-
Notifications
You must be signed in to change notification settings - Fork 160
Description
Following recent activities for performance optimization, benchmarking controllers and community member PRs:
#162
#375
We would like to re-visit the design choice of transitioning warmpools to create full Sandbox objects rather than raw pods.
This design transition is an effective architectural evolution for agent-sandbox, addressing both critical performance bottlenecks and long-term maintainability issues identified in previous iterations.
-
Architectural Simplification
Transitioning to "warm sandboxes" effectively refactors the SandboxClaim controller from a complex resource "stitcher" into a streamlined lease negotiator In the current model, the claim process is bottlenecked by the need to create a Sandbox object on-the-fly and then coordinate its association with a pre-existing pod, which often triggers secondary reconciliations and increases the surface area for race conditions. Moving this logic to the WarmPool ensures that the SandboxClaim only needs to perform a simple pointer update to a fully-ready environment. -
Latency and Pre-warming
The most significant impact is on allocation latency. By pre-warming the entire sandbox environment, including headless network services and storage, the system moves these time-consuming Kubernetes operations out of the user’s critical path - This approach has demonstrated the potential for sub-second allocation latencies in recent benchmarks. This is a crucial improvement for "Agent-in-the-Loop" use cases where sub-second responsiveness is mandatory. -
Maintainability and Observability
Restoring the 1-to-1 naming convention addresses a major pain point in system observability. Currently, mismatched names between adopted pods and their parent sandboxes make it difficult for platform engineers to track resource ownership and have led to bugs where the controller fails to properly watch or reconcile adopted pods.
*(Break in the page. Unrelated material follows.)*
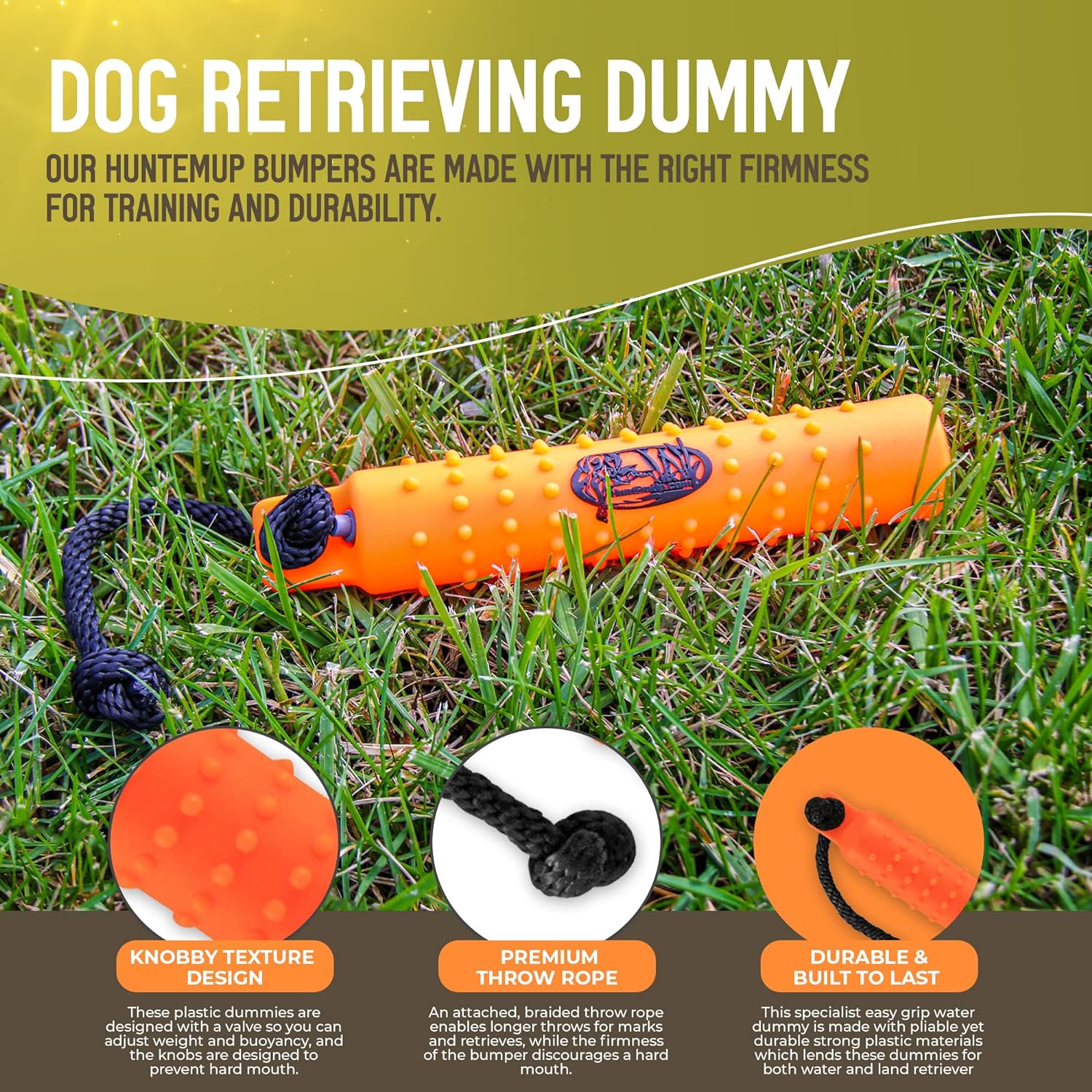 HuntEmUp Standard Size Plastic Dog Training Bumper with Throw Rope Dog Retrieving Dummy Duck Dog Hunting Training Tool Highly Visible Dog Float Toy – Orange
Consideration of Trade-offs
Storage Costs: Pre-warming PVCs incurs storage costs before they are claimed.
Zonal Locking: Pre-warming a PVC locks the eventual Sandbox to the specific zone where the PV was created.
FQDN Predictability: Because warmpool resources often use random suffixes to avoid collisions, service names (and thus their FQDNs) may be less predictable until claimed.
Overall, the community momentum behind PR #375 suggests that the performance gains outweigh these trade-offs, also I would note that when a user decides to use Warmpools they know purposefully that the intention is to sacrifice cost/felxibility for higher performance gains.